A police officer then reveals another warning sign that will go unreported.
“Someone is expected to tell us after the shooting that the shooter has been posting on social media about doing this for weeks,” the officer says.
“So how will you explain the shooting to your daughter?” the reporter asks a witness holding her young child at the end of the 90-second spot.
“Actually I won’t get to explain it to her,” the woman replies. “Because she won’t make it.”
The reporter then signs off from the scene of “another shooting we’ll say we never saw coming.”
The new ad comes a year after the release of Sandy Hook Promise’s chilling PSA “Evan,” which shows how those affected by school shootings can miss the warning signs — even when they’re right in front of their eyes. Both ads were produced by New York-based advertising firm BBDO.
“We’re very much focused on what we can do to present these tragedies moving forward rather than always looking backwards and talking about what happened,” Sandy Hook Promise co-founder Nicole Hockley told Yahoo News. Hockley’s son, Dylan, was killed in the Dec. 14, 2012, massacre. “The new PSA is a continuation of our message and our mission — that we’re all able to stop a shooting from happening tomorrow by being able to take action today, and part of that taking action is knowing to recognize these signs of someone who’s at risk and then intervening, getting them the help they need.
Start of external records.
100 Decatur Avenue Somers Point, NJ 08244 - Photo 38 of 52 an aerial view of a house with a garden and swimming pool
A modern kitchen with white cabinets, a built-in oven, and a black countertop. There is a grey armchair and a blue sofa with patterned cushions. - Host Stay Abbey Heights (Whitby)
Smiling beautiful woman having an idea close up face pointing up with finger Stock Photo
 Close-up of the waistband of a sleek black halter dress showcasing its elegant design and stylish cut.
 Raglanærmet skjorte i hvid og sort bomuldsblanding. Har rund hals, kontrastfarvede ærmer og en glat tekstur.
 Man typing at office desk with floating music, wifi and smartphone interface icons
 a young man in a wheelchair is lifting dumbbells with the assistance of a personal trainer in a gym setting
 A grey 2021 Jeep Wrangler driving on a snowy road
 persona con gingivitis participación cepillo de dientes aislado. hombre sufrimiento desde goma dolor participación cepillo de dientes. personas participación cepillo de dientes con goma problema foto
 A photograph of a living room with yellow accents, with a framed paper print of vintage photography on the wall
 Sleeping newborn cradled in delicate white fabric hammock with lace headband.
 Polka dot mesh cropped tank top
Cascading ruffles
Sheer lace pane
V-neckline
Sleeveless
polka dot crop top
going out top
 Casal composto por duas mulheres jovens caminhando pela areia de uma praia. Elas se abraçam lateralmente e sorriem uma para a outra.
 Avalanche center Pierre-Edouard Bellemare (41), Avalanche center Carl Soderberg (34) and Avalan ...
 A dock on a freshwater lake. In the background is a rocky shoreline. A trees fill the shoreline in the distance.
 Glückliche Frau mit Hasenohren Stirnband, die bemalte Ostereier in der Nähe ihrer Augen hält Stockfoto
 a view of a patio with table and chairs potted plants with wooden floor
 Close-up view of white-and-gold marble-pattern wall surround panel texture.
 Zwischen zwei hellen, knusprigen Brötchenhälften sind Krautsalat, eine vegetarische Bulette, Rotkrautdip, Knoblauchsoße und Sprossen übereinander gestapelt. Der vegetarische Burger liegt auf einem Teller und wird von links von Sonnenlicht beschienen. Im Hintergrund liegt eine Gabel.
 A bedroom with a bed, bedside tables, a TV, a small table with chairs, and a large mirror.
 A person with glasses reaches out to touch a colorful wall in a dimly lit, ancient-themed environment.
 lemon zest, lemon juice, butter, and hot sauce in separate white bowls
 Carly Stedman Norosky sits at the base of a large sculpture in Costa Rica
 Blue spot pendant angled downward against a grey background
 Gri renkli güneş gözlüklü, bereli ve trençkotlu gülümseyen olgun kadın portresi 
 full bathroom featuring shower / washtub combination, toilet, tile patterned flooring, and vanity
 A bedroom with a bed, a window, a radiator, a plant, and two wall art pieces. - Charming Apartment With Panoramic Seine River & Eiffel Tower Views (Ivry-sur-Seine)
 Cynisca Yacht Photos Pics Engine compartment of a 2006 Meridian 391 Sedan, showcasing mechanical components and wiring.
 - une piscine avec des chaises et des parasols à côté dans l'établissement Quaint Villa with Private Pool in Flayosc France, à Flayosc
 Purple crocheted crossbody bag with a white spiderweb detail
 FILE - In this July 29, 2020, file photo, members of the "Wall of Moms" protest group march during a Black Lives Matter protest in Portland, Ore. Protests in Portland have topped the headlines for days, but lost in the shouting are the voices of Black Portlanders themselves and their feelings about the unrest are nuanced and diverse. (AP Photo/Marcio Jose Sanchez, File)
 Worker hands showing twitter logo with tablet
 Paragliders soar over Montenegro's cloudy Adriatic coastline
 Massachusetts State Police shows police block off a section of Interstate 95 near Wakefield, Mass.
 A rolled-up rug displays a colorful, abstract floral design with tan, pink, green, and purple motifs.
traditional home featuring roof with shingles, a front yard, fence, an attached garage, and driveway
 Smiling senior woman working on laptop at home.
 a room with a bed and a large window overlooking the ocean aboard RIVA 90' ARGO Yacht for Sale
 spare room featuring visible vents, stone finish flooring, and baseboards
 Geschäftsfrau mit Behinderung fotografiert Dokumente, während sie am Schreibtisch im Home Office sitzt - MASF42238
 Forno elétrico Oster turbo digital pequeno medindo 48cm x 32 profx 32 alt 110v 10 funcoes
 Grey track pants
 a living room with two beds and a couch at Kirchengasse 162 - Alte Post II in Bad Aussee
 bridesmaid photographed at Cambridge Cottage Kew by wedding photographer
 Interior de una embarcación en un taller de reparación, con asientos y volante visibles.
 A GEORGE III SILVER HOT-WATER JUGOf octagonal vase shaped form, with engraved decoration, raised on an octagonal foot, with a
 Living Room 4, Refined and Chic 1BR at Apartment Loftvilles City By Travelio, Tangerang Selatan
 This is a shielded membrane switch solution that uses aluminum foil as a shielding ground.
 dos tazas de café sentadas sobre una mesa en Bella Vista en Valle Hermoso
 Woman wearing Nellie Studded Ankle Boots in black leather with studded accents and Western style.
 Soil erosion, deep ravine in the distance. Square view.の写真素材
“This video is a hard watch, it’s an uncomfortable watch, but it really pushes that message,” she added. “You hear afterwards about, oh, well, I heard that he had posted something on social media or he had been threatening students or she’s been threatening to hurt herself, so to say it after the fact is too late. It’s all about taking action now.”
In addition to “Tomorrow’s News,” Sandy Hook Promise is also releasing a new Sheryl Crow song — “The Dreaming Kind” — that was written specifically for the five-year anniversary of the shootings in Newtown. All proceeds from the sale of the single will benefit the organization.